You're reading: Tax police resumes four criminal cases against Tymoshenko

Tax police investigators have served former Prime Minister Yulia Tymoshenko copies of a resolution to open four criminal cases concerning the activities of the United Energy Systems of Ukraine (UESU), the head of the former premier's defense team, Serhiy Vlasenko, has said.

"Tax police employees informed Yulia Volodymyrivna [Tymoshenko] on Friday that they have resumed the investigation of four criminal cases involving Yulia Volodymyrivna. Employees of the investigative department gave her copies of four resolutions on criminal cases," Vlasenko said at a press conference on Monday.

Vlasenko said that all of the four resolutions concerned the activities of the UESU in 1996-1997, in particular, tax evasion.

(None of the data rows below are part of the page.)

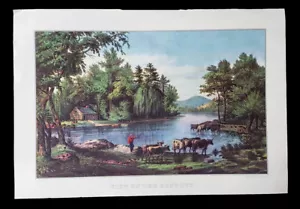 Vintage Original 1974 Currier and Ives Calendar Print A View of The Rondout - Picture 1 of 2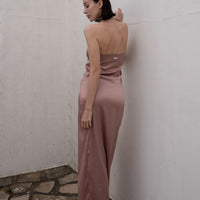 choker rich satin dress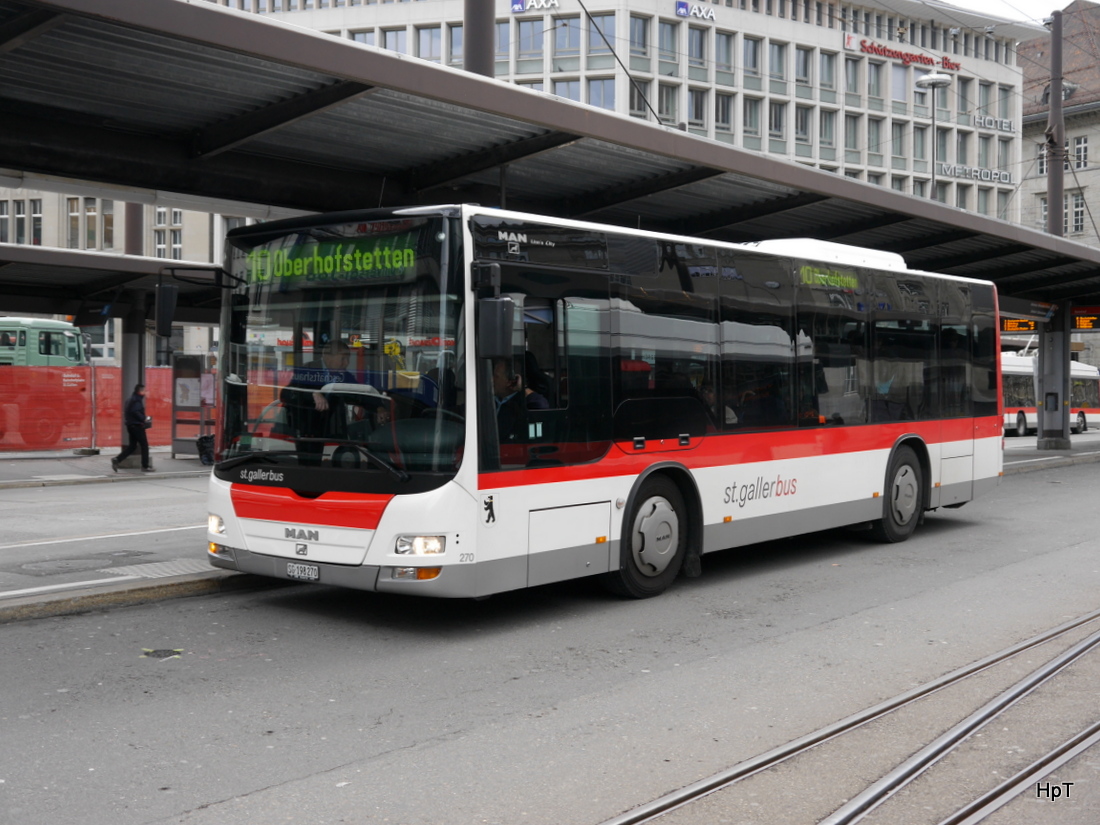 VBSG - MAN Lion`s City  Nr.270  SG  198270 bei den Haltestelen vor dem Bahnhof in St. Gallen am 27.03.2015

He said that Ukrainian Prosecutor General Viktor Pshonka, while canceling the resolutions of former Prosecutor General Sviatoslav Piskun (2001-2003), had provided no arguments.

"The decision to close the cases was made illegally, and these are all of the arguments," Vlasenko said.

He recalled that the criminal cases under which Piskun issues resolutions to close the cases were opened in 2001, ahead of elections, and in 2005 the Supreme Court of Ukraine "said that the cases were closed in a justified way."

"Now these cases are being resumed… There are no grounds to cancel the resolutions [on the closure of criminal cases]," Vlasenko said.

He said that a pre-trial investigation into these cases would be conducted by the main investigative department of tax police at the State Tax Service.

"I don’t know whether investigative actions were carried out or not," he said.

The first deputy leader of the Batkivschyna Party, Oleksandr Turchynov, in turn, noted that the documents on the reopening of the investigation of cases had no reference to rulings by U.S. and Russian courts, as the Prosecutor General’s Office stated, while explaining new circumstances for the resumption of criminal cases.

Turchynov said that there were no legal grounds in Pshonka’s decision and that "there are only political motives." He also said that the statute of limitations for the investigation of these criminal cases had expired.